Ankaraspor ise play-off’u garantiliyormuş.
İki takım da gol atmaya uğraşmamış.
Gol atmak bir tarafa doğru dürüst şut bile çekmemişler.
Güreşte de bazen olur bu ama güreşteki nispeten masum.
Rakipten çekiniyorsan, rakibin seni elinden, kolundan, bir tarafından kapıp aşağı indirmesinden korkuyorsan fazla yaklaşmazsın rakibine. Mesafeli durursun. Rakip yaklaştıkça sen geri geri gidersin.

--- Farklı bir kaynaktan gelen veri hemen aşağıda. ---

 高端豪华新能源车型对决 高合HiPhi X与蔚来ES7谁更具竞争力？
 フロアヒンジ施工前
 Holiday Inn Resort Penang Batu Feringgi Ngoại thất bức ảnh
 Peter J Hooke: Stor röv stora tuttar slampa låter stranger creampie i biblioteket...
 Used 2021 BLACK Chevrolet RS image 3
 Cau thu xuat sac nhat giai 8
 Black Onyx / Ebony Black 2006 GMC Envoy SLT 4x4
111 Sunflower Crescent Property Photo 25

Rakibe yakalanmazsan hiç olmazsa tuşla yenilmezsin.
Bu kadar lafı niye ettim.
Bir ‘çözüm süreci’nin içindeyiz.
Suriye’yi, Irak’ı, Türkiye’yi kapsayan, İsrail’le de ilintisi olan kapsamlı bir bölgesel projenin önemli bir parçası.

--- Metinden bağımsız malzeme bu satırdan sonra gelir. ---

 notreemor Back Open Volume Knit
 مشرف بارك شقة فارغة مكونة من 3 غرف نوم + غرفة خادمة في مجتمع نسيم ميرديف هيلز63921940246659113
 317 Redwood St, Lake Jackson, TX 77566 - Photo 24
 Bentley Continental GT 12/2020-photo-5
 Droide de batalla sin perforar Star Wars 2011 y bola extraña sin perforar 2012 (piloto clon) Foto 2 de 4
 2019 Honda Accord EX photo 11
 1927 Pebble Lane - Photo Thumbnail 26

Bizim siyasi aktörlerimiz burada montajını yapmaya çalışıyorlar.
Önemli bir mesele. Süreç Kürt sorununu çözmeyi başarırsa memleketin faydasına. Hiç olmazsa kan dökülmez. Memleketin enerjisi faydalı işlere yönelebilir.
Fakat sürecin riskleri var.
Eğer doğru yönetilmez ve doğru adımlar atılmazsa memleketin başına şu anda hiç kimsenin aklına gelmeyen, aklına getirmek istemediği gaileler de açılabilir.

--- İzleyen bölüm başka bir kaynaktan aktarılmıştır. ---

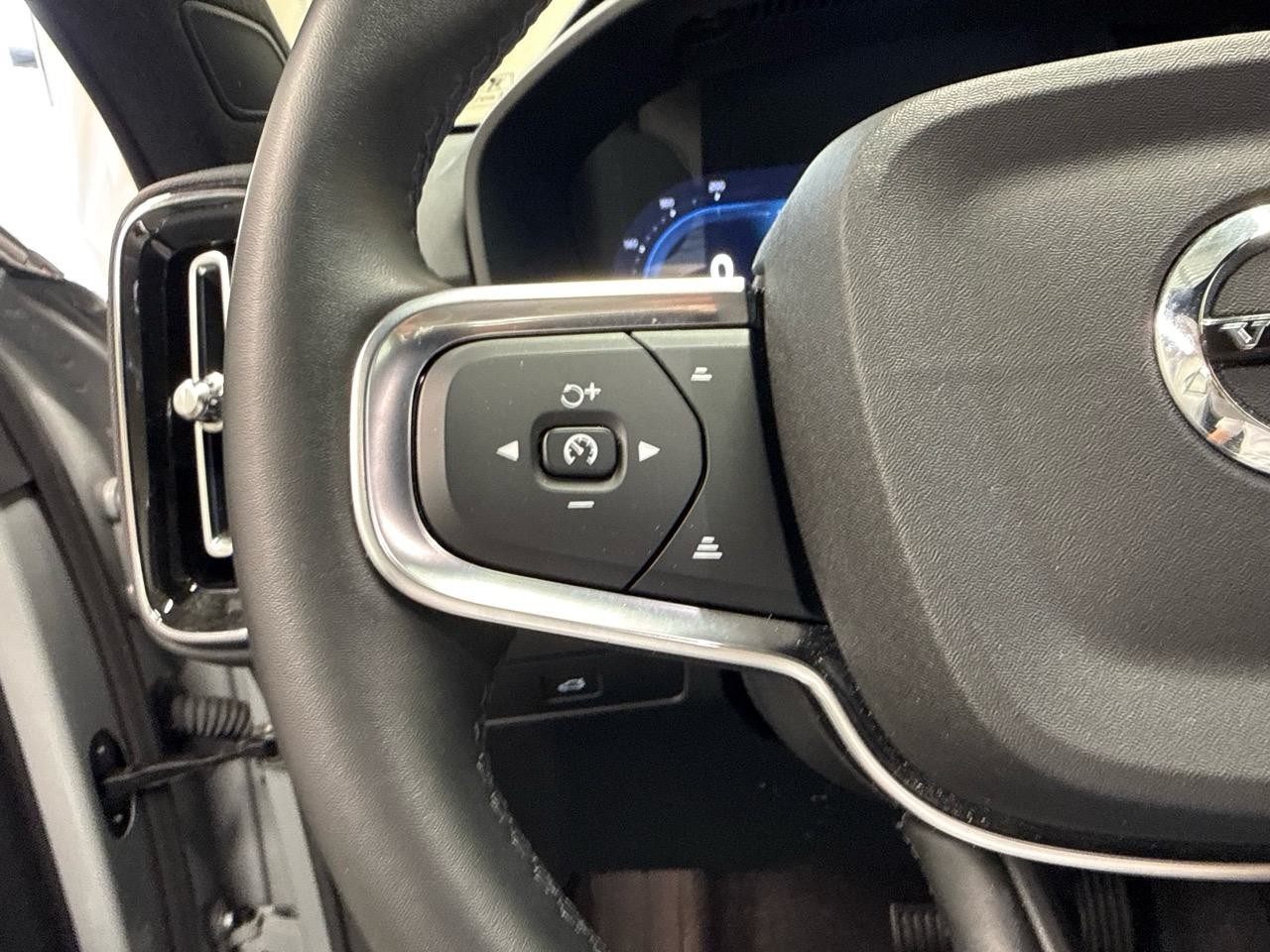 VOLVO XC40 B3 Benzin Mild Hybrid Plus Dark DCT-image-8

Yazdan beri TBMM’de kurulan komisyon çalışıyor.
Komisyondan bir heyet İmralı’ya gidip Öcalan’la da görüştü.
Biraz ürkek, biraz mütereddit.
Sonunda raporlarını da hazırladılar.
Raporlara ben de göz gezdirdim.
DEM Parti tezlerinin hemen hepsini rapora dercetmiş.
Fakat Ak Parti, MHP ve CHP’nin raporları Ankaraspor-Nazillispor maçına benziyor.
Kimse şut çekmemiş. Kimse ceza sahasına girmeye uğraşmamış. Herkes arkasını kollamış, defans yapmış.
CHP bir dereceye kadar haklı. ‘Siz iktidarsınız, önden buyurun’ diyor. Kayyım uygulamalarının kaldırılmasını, çözüm sürecinin iktidarın CHP’ye taarruzunu yumuşatacak bir demokratikleşme şeklinde Türk siyasetine taşınmasını istiyor.
Ak Parti ‘kayyım’ bile dememiş.
MHP lideri Bahçeli, süreç bahsini ‘umut hakkı’yla açmıştı. MHP raporu umut hakkına da değinmemiş.
Neden böyle yapmış olabilirler?
Sürecin taşıdığı riskler yüzünden. Sanki ‘geri tepme’ ihtimalini akıllarında tutuyorlar. Vukuu halinde ellerinde ‘kıvırma payı’ olsun istiyorlar.